What the task asks> An exact reproduction of the records is required. Images must be left out.

Data excerpts>
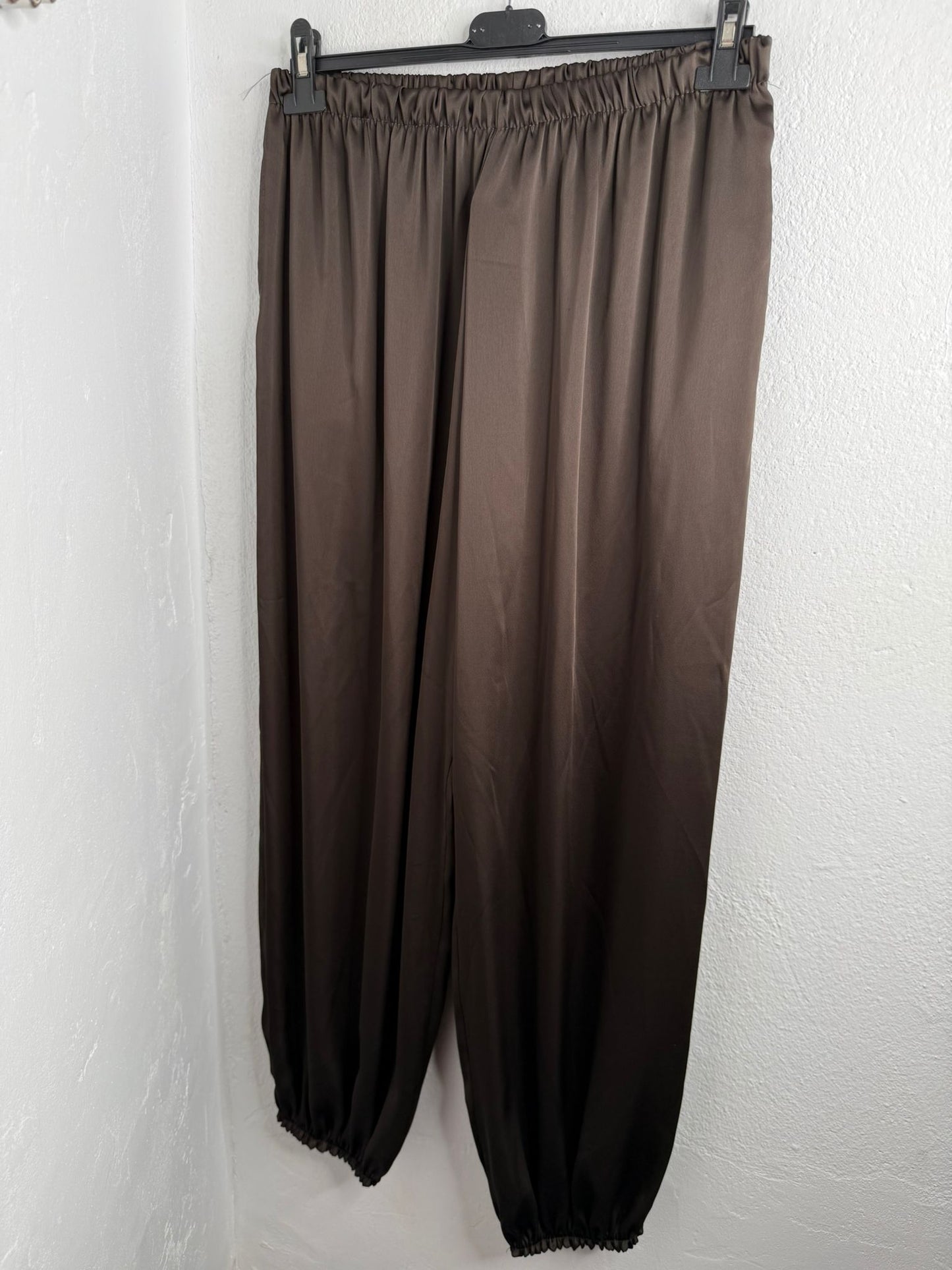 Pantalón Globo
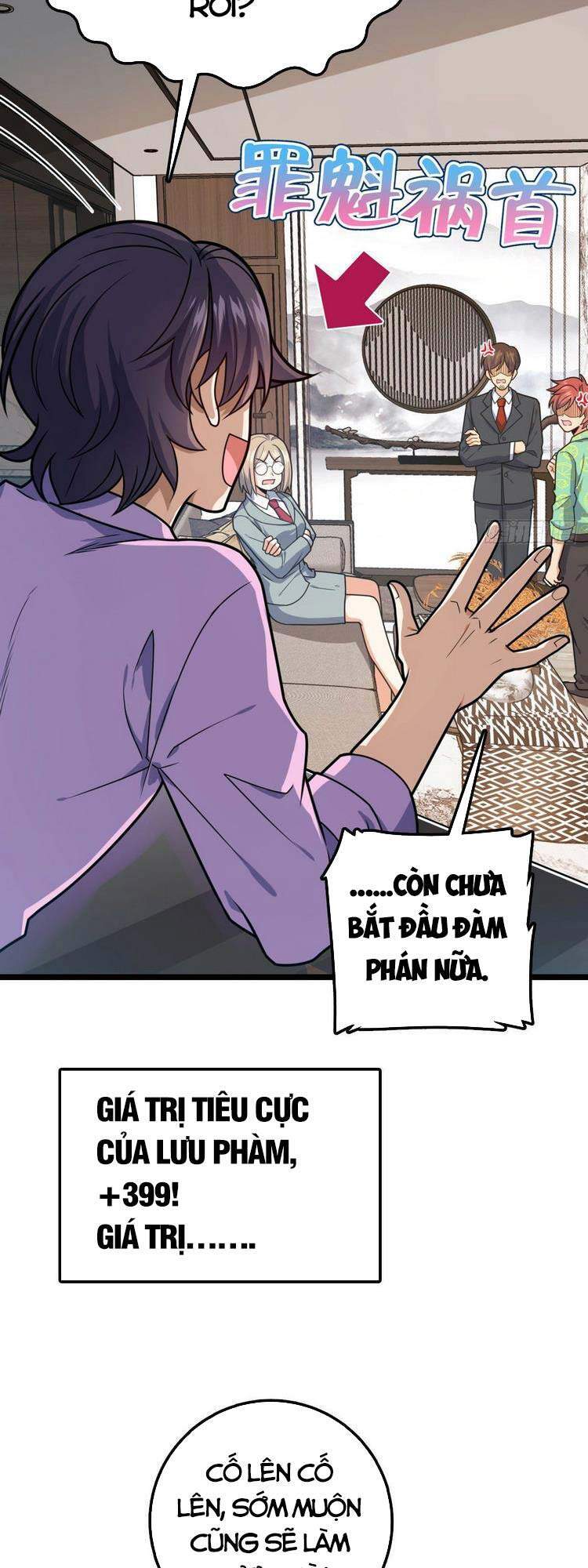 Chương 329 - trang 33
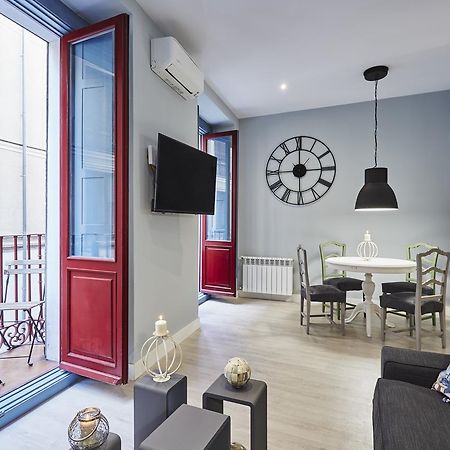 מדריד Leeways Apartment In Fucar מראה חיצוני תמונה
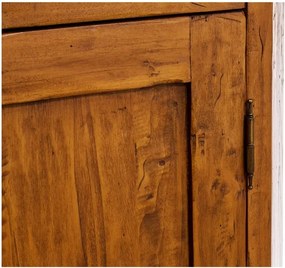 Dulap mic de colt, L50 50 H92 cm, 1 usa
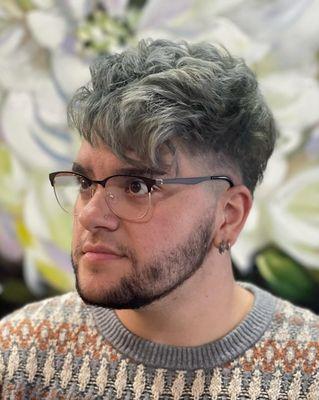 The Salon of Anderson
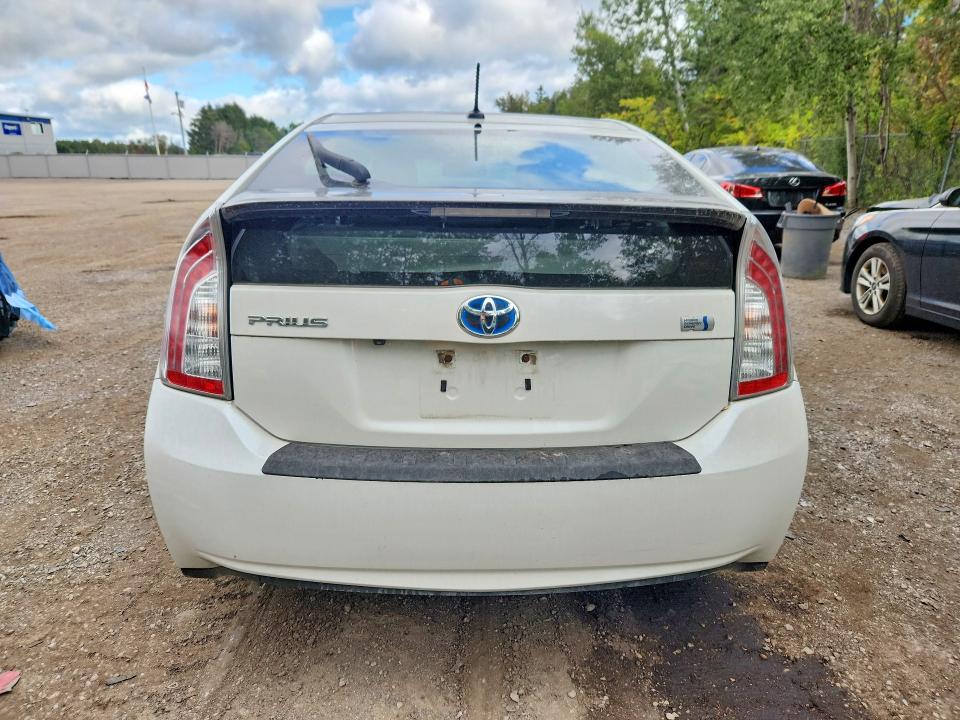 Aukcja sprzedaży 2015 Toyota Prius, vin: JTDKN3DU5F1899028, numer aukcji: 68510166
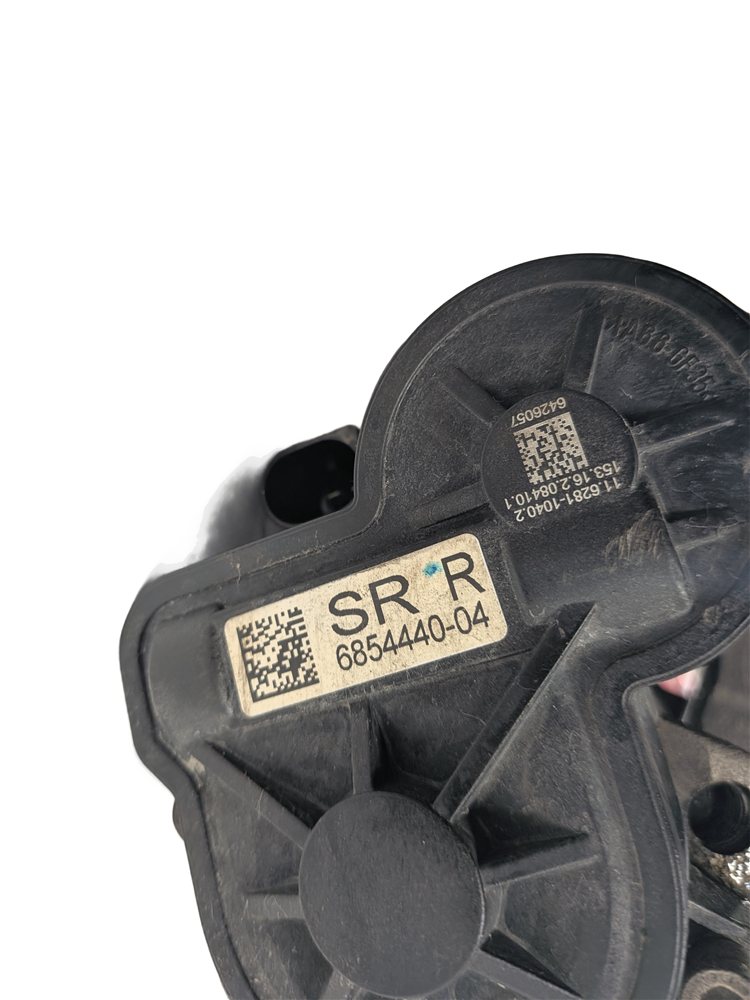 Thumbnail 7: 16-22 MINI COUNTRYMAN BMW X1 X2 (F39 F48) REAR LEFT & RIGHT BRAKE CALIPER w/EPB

Written reply>
 Pantalón Globo
 Chương 329 - trang 33
 מדריד Leeways Apartment In Fucar מראה חיצוני תמונה
 Dulap mic de colt, L50 50 H92 cm, 1 usa
 The Salon of Anderson
 Aukcja sprzedaży 2015 Toyota Prius, vin: JTDKN3DU5F1899028, numer aukcji: 68510166
 Thumbnail 7: 16-22 MINI COUNTRYMAN BMW X1 X2 (F39 F48) REAR LEFT & RIGHT BRAKE CALIPER w/EPB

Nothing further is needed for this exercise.